Механик поворачивает к матросу доброе, усталое лицо мастерового. Из-под коротких рыжеватых бровей понимающе смотрят карие глаза, жесткий чубчик падает на изрезанный морщинами лоб.
Из всей команды только Равиль иногда называет этого человека полным именем - Хусейн Арифович. На катере и в китокомбинате «Подгорный» его зовут запросто - Костя. Иной раз - дядя Костя. Да и самого Равиля семь дней назад, когда он поступил матросом на буксирный катер «Ж-257», тоже окрестили по-новому - Роман. Так и зовут пока: то Равиль, то Роман. Новое имя непривычно, но по душе парню: оно звучное, мужественное, совсем как та новая морская жизнь, о которой он мечтал еще с весны, орудуя плотничьим топором в стройцехе «Подгорного».
Дядя Костя тоже татарин. Но если в Равиле каждый встречный узнает татарина по скуластому лицу с девичьим румянцем во всю смуглую щеку, по агатовым грустным глазам и небольшому, слегка приплюснутому носу, то б механике, пожалуй, от татарского облика ее осталось ничего. Разве что жесткая прямизна волос и едва уловимая раскосинка: она бывает очень приметна у детей, но с годами исчезает, теряется в морщинах, оседает под грузом отяжелевших век.

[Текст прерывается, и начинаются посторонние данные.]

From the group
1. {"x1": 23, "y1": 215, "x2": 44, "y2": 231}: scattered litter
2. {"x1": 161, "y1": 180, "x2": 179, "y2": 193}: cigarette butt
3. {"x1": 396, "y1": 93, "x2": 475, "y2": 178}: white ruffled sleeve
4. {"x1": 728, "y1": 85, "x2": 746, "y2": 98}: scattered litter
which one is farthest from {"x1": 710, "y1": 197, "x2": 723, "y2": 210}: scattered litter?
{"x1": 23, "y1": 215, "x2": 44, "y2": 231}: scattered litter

- Я и на самолете не травил, - оправдывается Равиль.
- Самолет! Тоже сравнил! - презрительно замечает механик. -Это вроде каюты люкс на теплоходе: лети на здоровье. На «Жучке» еще не раз потравишь, пока из тебя пехота вон.- И, заметив, что парня снова начинает мутить, он посоветовал: - Поди в кубрик, ложись, как новичок имеешь полное право.
Равиль выскользнул на палубу, захлопнул люк машинного отсека и схватился за шторм-трос. Вход в кубрик был по правому борту, за камбузом, и молодому матросу некуда было укрыться от волны. Она окатила его всего - от поношенных полуботинок до солдатской ушанки - и больно ударила о камбузную дверь. Заметив в иллюминаторе кока, Равиль прошмыгнул в камбуз.

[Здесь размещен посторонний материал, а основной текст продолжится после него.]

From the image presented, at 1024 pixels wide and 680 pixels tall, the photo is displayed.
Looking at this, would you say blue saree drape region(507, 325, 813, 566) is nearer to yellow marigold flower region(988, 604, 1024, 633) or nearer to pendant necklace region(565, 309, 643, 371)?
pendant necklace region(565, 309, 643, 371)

Повар Коля Воронков, едва не сбитый с ног, ругнулся незлобиво и повернул к Равилю нервное, испитое лицо.
- А-а, Роман, - удивленно сказал он. - Чего тебя черти носят? Рубать захотел?

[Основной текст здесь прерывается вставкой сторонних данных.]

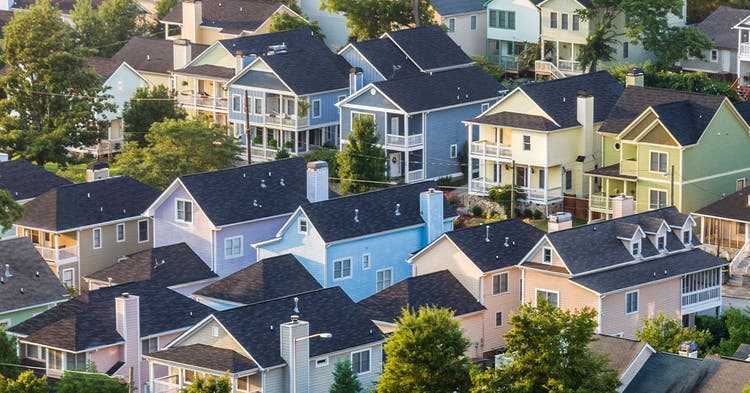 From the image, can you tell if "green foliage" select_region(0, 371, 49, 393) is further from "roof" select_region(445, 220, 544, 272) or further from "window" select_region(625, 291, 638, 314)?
"window" select_region(625, 291, 638, 314)

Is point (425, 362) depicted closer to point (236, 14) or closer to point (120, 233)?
point (120, 233)

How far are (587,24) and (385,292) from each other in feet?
140

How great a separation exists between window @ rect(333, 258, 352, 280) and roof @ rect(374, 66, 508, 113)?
21466mm

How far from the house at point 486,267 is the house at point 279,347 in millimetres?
7441

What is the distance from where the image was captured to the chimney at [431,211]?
90312mm

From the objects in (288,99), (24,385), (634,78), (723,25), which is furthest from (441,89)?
(24,385)

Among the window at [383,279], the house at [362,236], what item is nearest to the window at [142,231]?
the house at [362,236]

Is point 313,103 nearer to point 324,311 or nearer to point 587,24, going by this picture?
point 587,24

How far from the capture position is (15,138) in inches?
4434

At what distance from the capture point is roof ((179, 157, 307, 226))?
299ft

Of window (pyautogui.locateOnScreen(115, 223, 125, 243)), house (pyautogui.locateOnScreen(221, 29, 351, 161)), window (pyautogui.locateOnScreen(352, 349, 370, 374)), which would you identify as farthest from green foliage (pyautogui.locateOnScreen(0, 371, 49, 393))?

- Что ты! - Матрос даже отшатнулся, закрыв лицо рукой.- Месяц кушать не буду.
Кок рассмеялся. Смех гулко отдался в его слабых, прокуренных легких.
- Видал я таких великопостников! Достань-ка у меня в кармане трубку… В правом, в правом! - прикрикнул он.
Равиль, путаясь в рваной подкладке, вытащил из кармана его пиджака темную, с металлическим ободком трубку.
- Узнаешь? - спросил кок. - Это трубка Каликанова. Вчера ты уснул, а мы еще в козла резались… Он пять сухих получил, на четвереньках уполз, даже трубку забыл.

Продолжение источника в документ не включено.